> Listed records
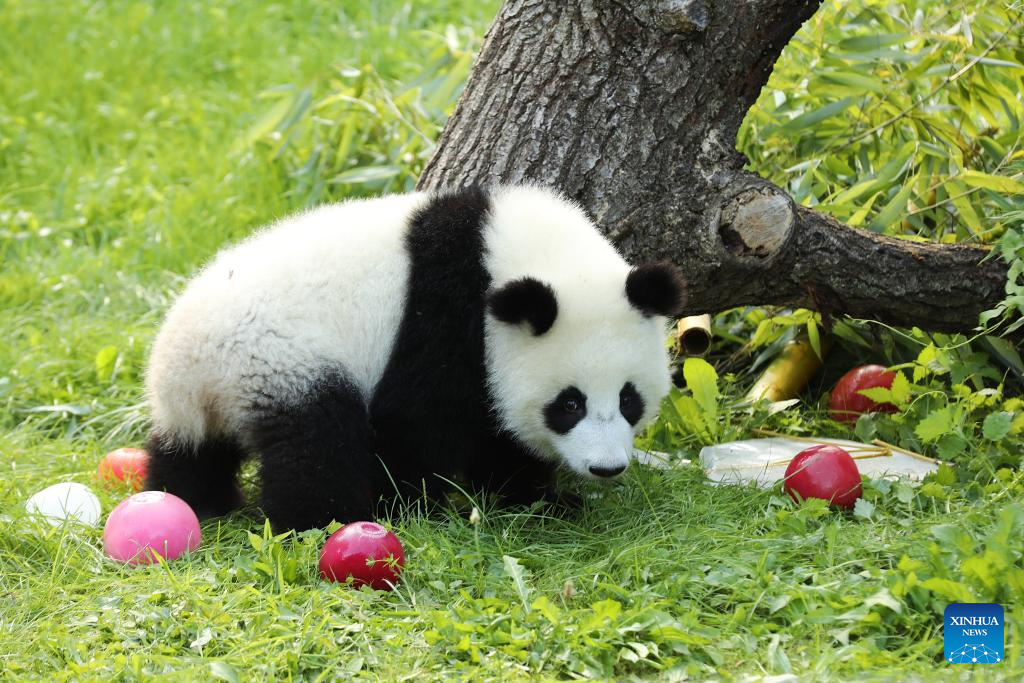 Feature: Second pair of Germany-born panda twins celebrate 1st
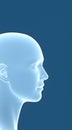 3D glowing human head profile, artificial intelligence and anatomy concept Royalty Free Stock Photo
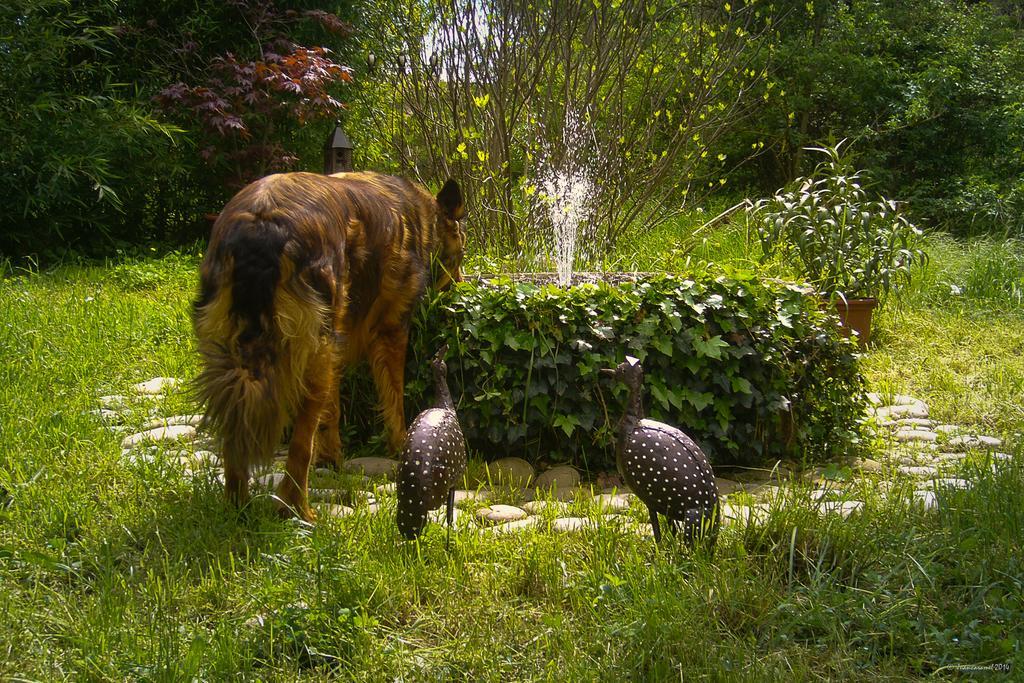 Le Moulin Du Rossignol Bed & Breakfast Rognes Dış mekan fotoğraf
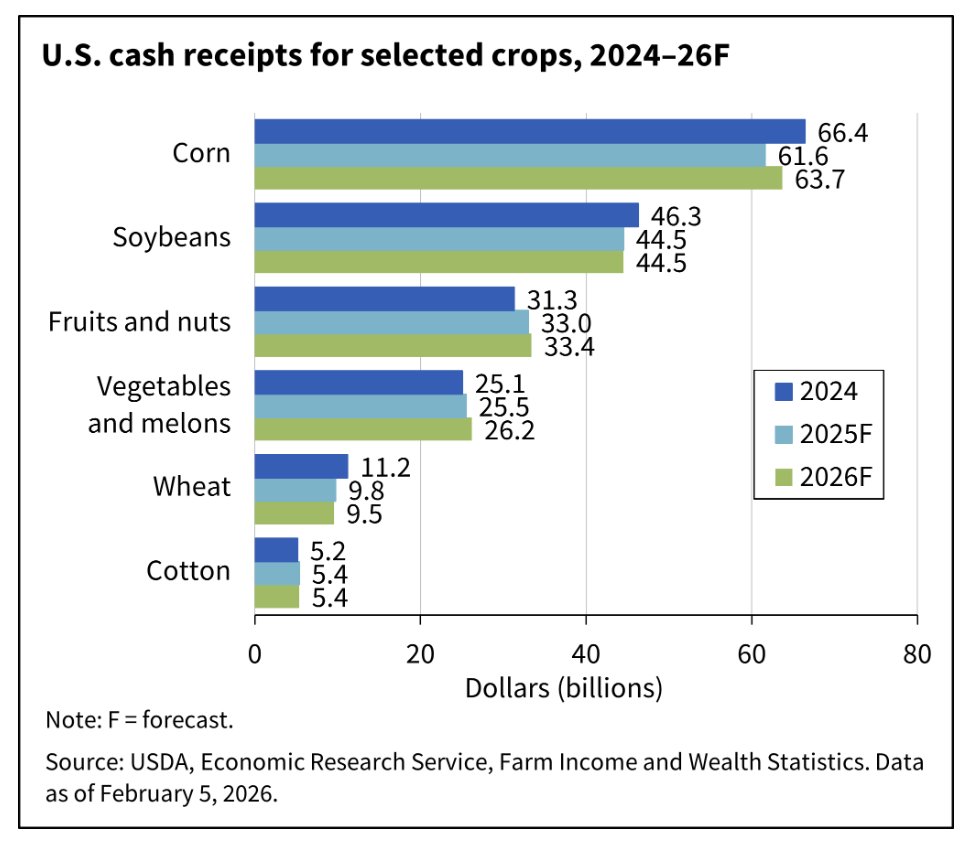 FarmPolicy's tweet image. 1/ #Crop #cash #receipts are forecast at $240.8 billion in 2026, an increase of $2.8 billion (1.2%) from 2025 in nominal terms (however, the 2026 forecast represents a decline in real #inflation-adjusted terms).

From the @USDA_ERS: tinyurl.com/3xvrjzhb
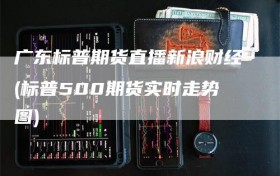 广东标普期货直播新浪财经(标普500期货实时走势图)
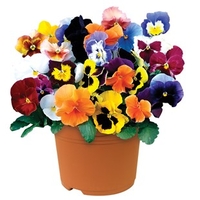 Pansy Colourburst 1 Pre-Planted Container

> Task description
The reply should contain all of the data above, word for word, with no pictures.

> Task answer
 Feature: Second pair of Germany-born panda twins celebrate 1st
 3D glowing human head profile, artificial intelligence and anatomy concept Royalty Free Stock Photo
 Le Moulin Du Rossignol Bed & Breakfast Rognes Dış mekan fotoğraf
 FarmPolicy's tweet image. 1/ #Crop #cash #receipts are forecast at $240.8 billion in 2026, an increase of $2.8 billion (1.2%) from 2025 in nominal terms (however, the 2026 forecast represents a decline in real #inflation-adjusted terms).

From the @USDA_ERS: tinyurl.com/3xvrjzhb
 广东标普期货直播新浪财经(标普500期货实时走势图)
 Pansy Colourburst 1 Pre-Planted Container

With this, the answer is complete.